The central move was to treat translation as a problem of probability rather than grammar. Borrowing the noisy-channel idea from speech recognition, the authors modeled the chance that a French sentence is the translation of an English one and then searched for the English sentence that made the observed French most probable. This reframing meant a system could be trained automatically from large collections of human-translated text instead of being programmed by linguists - the same data-over-rules philosophy that would later define modern AI.

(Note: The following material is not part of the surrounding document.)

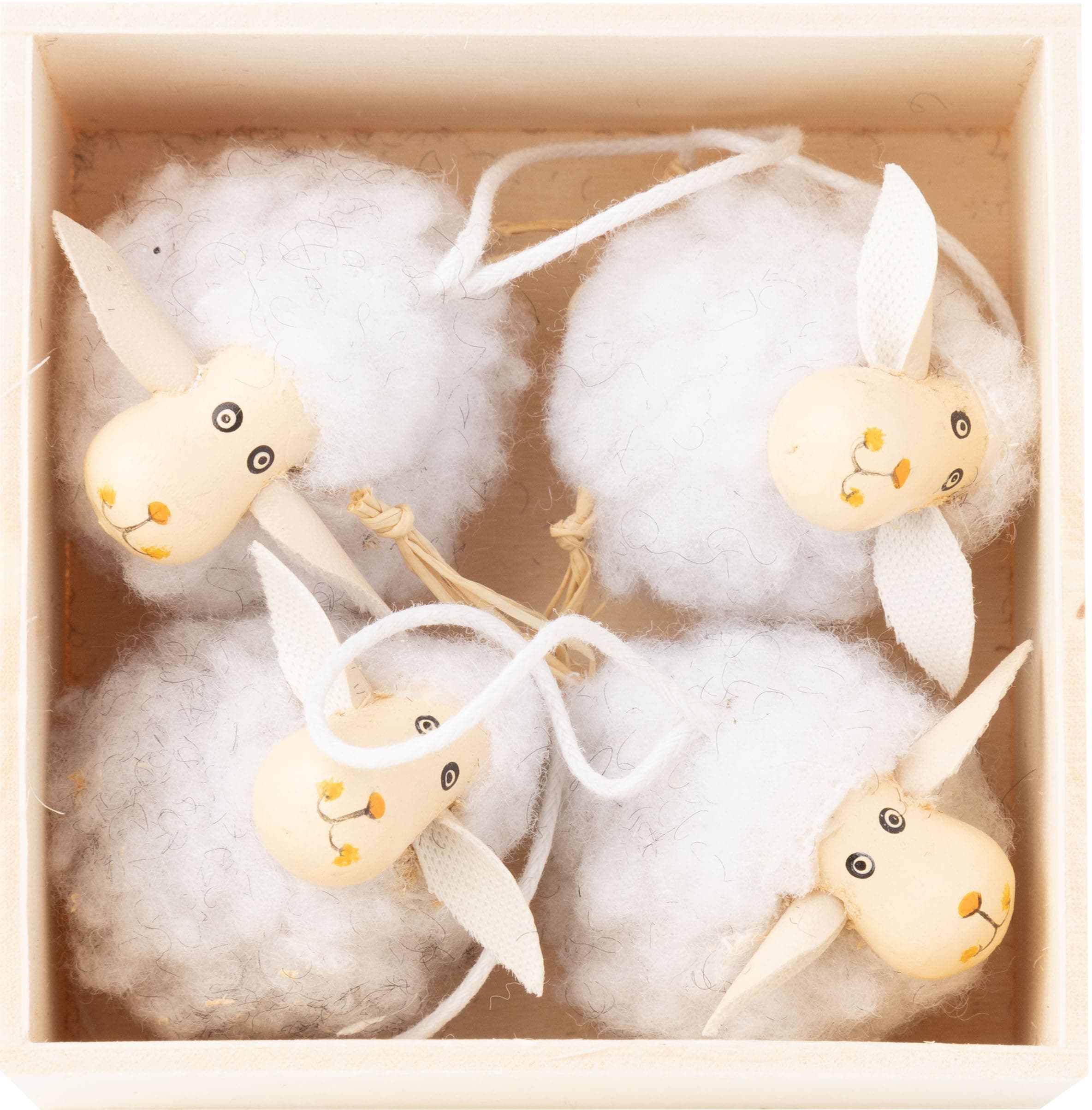 Silver Tree Mini Wooly White Sheep with Natural Faces Ornaments Boxed Set of 4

The paper introduced a series of five increasingly detailed models, since known as the IBM Models. Each adds structure to the notion of word alignment - which source words gave rise to which target words - including how many target words a single source word tends to produce and how words get reordered. The authors estimated these models’ parameters from sentence pairs using the expectation-maximization algorithm, learning the alignments without anyone labeling them by hand. The IBM Models became standard tools and lived on inside later phrase-based systems and toolkits like Moses.
The work grew out of IBM’s speech-recognition group and its conviction, associated with Frederick Jelinek, that statistics and data beat linguistic intuition. That conviction was controversial at the time but proved enormously influential, making this paper a direct ancestor of every data-driven translation system that followed.